#### Instructions for the task
Pictures stay out of the output. Return exactly the lines below from the one with "Elbląg Sprzedam sukienkę (kupiona w H& M)." down to the one with "Na szczupłą osobę.", both included, and nothing more.

#### Records for the exercise
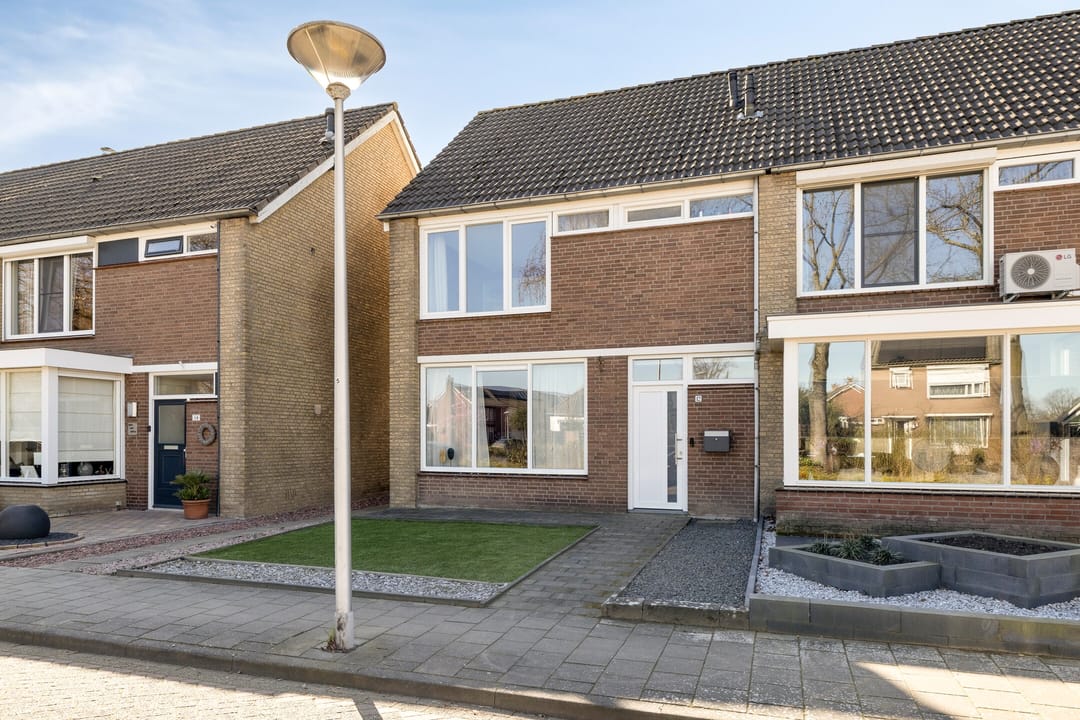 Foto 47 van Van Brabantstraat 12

* * *

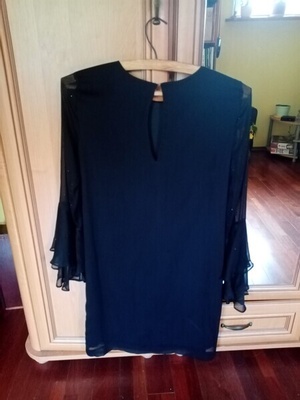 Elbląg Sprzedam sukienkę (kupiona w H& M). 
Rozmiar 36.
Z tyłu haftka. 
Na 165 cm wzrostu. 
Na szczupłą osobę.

#### Response area
 Elbląg Sprzedam sukienkę (kupiona w H& M). 
Rozmiar 36.
Z tyłu haftka. 
Na 165 cm wzrostu. 
Na szczupłą osobę.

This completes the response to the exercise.